▶ [Try it] The entries need to be copied exactly as they stand, images left out.

** Opening Records for processing block **

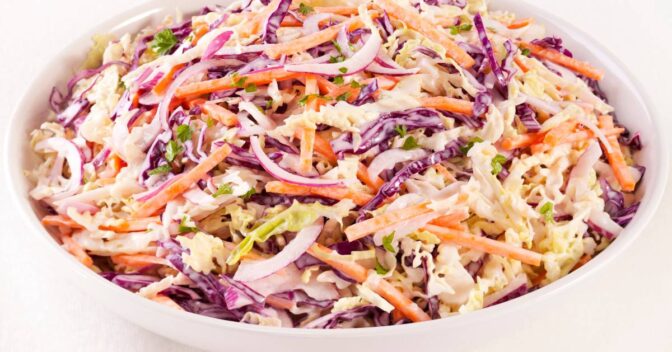 Saladas: Salada de Repolho Colorida Com Molho Especial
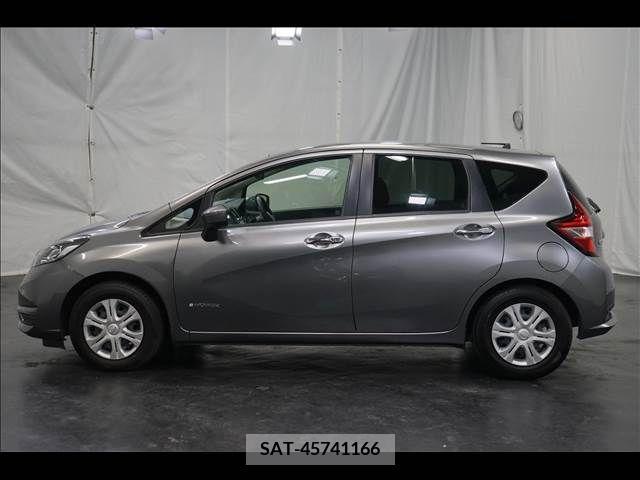 Nissan NOTE 2019-02 255916-14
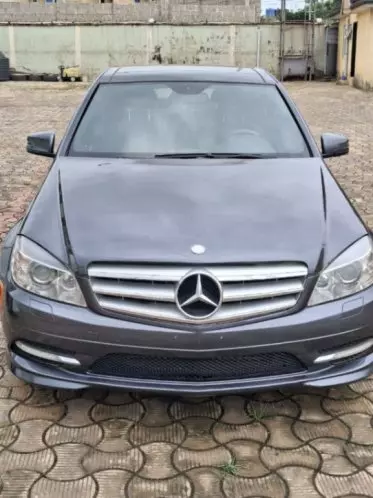 Mercedes-Benz C 350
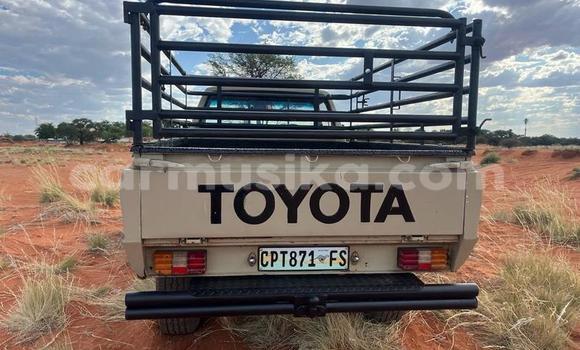 Buy Used Toyota Hiace Other Car in Beitbridge in Matabeleland South Buy Used Toyota Hiace Other Car in Beitbridge in Matabeleland South
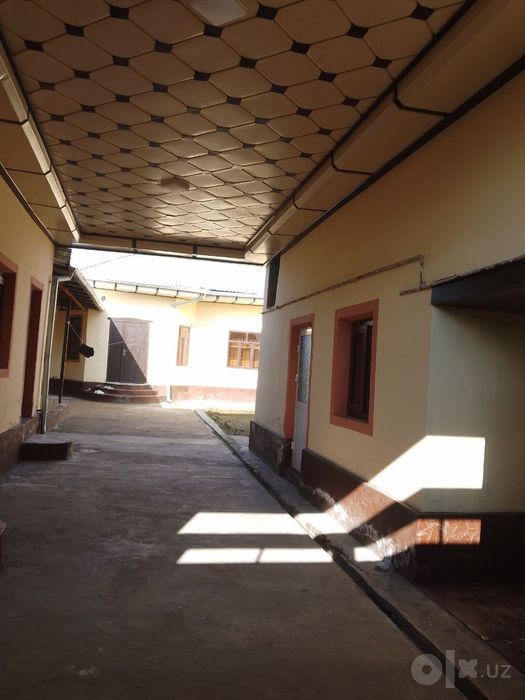 Uy sotiladi srochno Nurfshonda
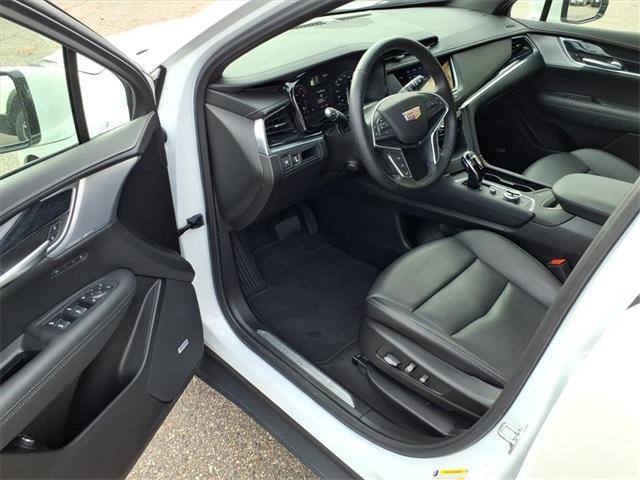 used 2025 Cadillac XT5 car, priced at $41,490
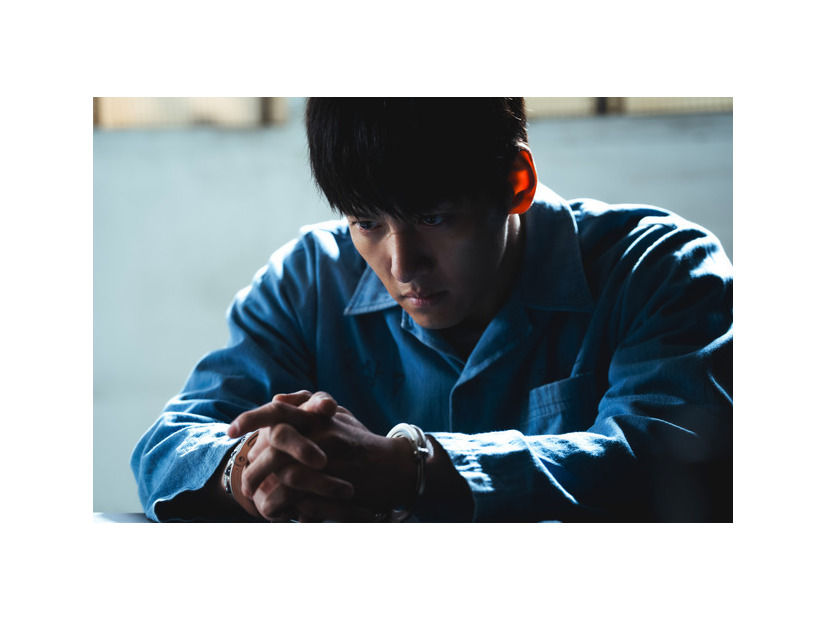 「捏造された都市」(C)2025 Disney and its related entities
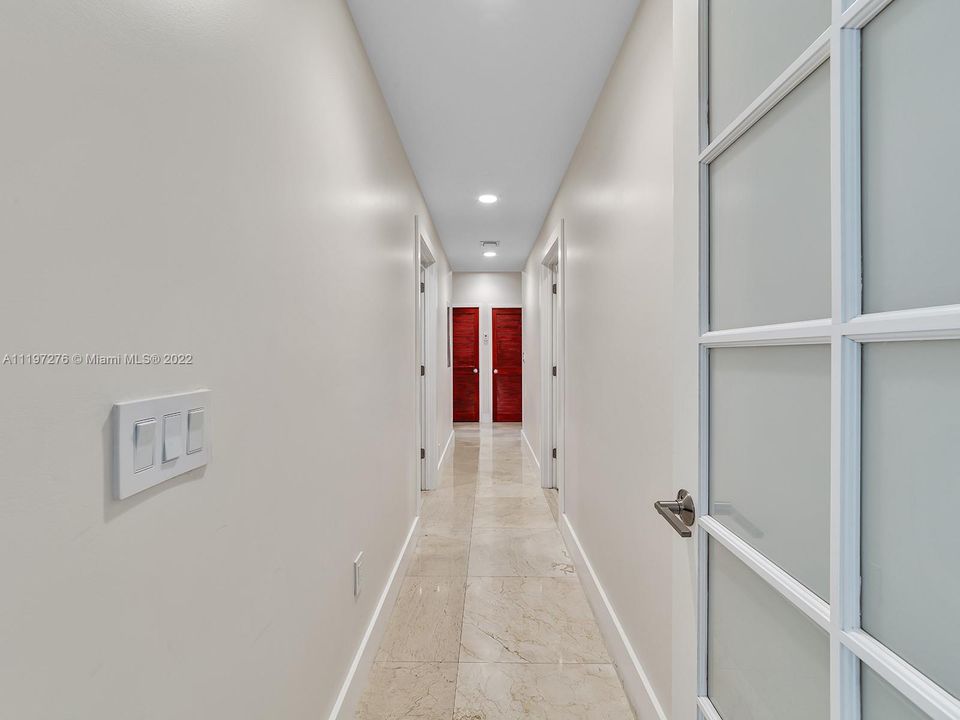 4 suites (hallway)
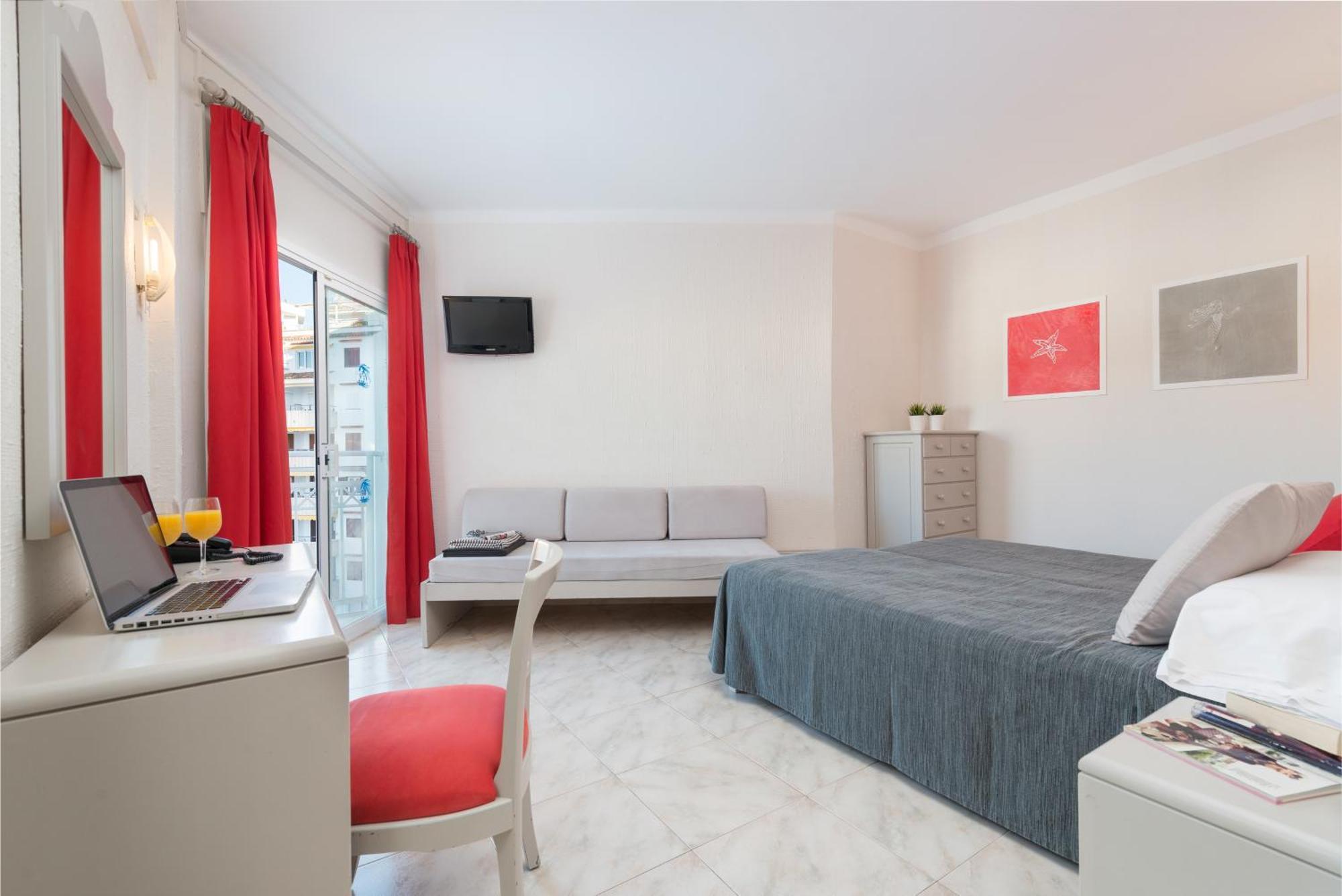 Triple Room Balcony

** Closing Records for processing block **

▶ [Expected answer]
 Saladas: Salada de Repolho Colorida Com Molho Especial
 Nissan NOTE 2019-02 255916-14
 Mercedes-Benz C 350
 Buy Used Toyota Hiace Other Car in Beitbridge in Matabeleland South Buy Used Toyota Hiace Other Car in Beitbridge in Matabeleland South
 Uy sotiladi srochno Nurfshonda
 used 2025 Cadillac XT5 car, priced at $41,490
 「捏造された都市」(C)2025 Disney and its related entities
 4 suites (hallway)
 Triple Room Balcony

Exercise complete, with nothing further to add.